*** Opening Provided records ***

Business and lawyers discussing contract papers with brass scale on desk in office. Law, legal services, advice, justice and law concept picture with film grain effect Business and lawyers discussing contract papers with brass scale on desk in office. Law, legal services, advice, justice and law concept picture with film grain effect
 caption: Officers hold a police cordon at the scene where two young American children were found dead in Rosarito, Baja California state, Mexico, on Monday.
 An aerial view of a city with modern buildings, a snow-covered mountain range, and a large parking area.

*** Closing Provided records ***
*** Opening Provided records ***

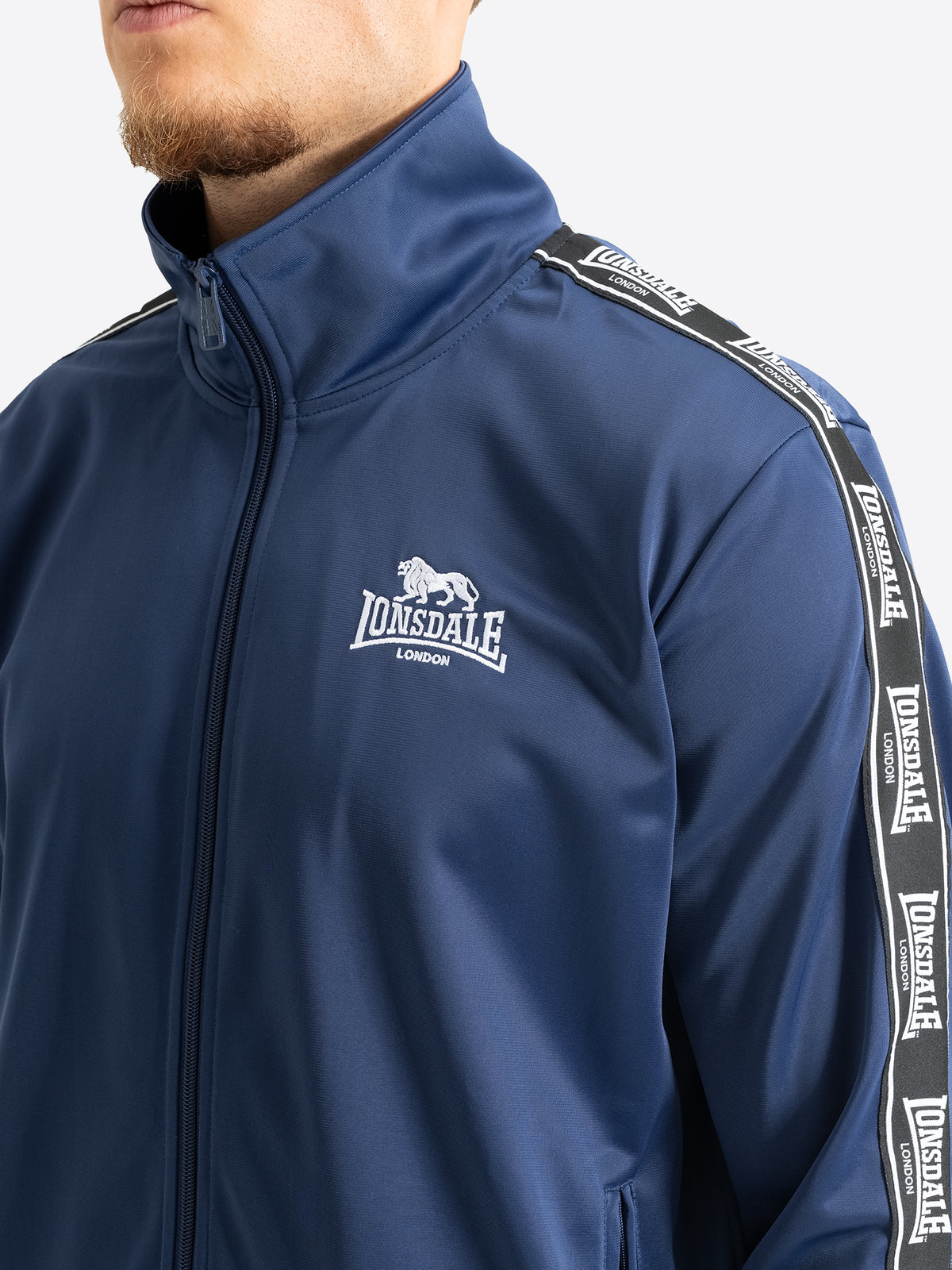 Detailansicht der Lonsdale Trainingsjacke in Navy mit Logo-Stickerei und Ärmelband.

*** Closing Provided records ***
*** Opening Provided records ***

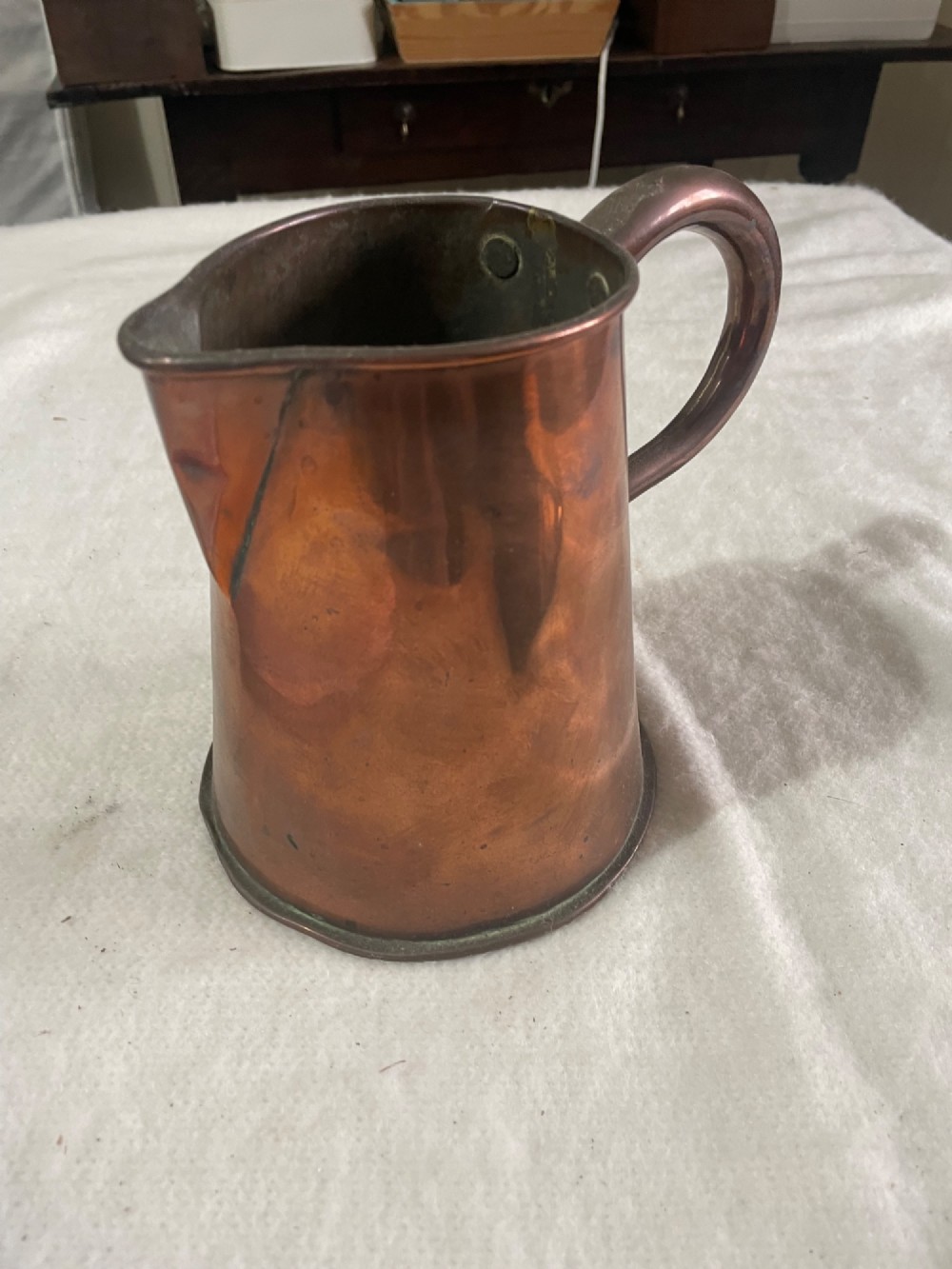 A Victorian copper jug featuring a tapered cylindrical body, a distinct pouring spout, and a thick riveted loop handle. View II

*** Closing Provided records ***

=== Task to carry out ===
Reproduce the entries above exactly, but only the lines between the line holding "grain effect Business" and the line holding "caption: Officers hold", inclusive.

=== Response to this exercise ===
Business and lawyers discussing contract papers with brass scale on desk in office. Law, legal services, advice, justice and law concept picture with film grain effect Business and lawyers discussing contract papers with brass scale on desk in office. Law, legal services, advice, justice and law concept picture with film grain effect
 caption: Officers hold a police cordon at the scene where two young American children were found dead in Rosarito, Baja California state, Mexico, on Monday.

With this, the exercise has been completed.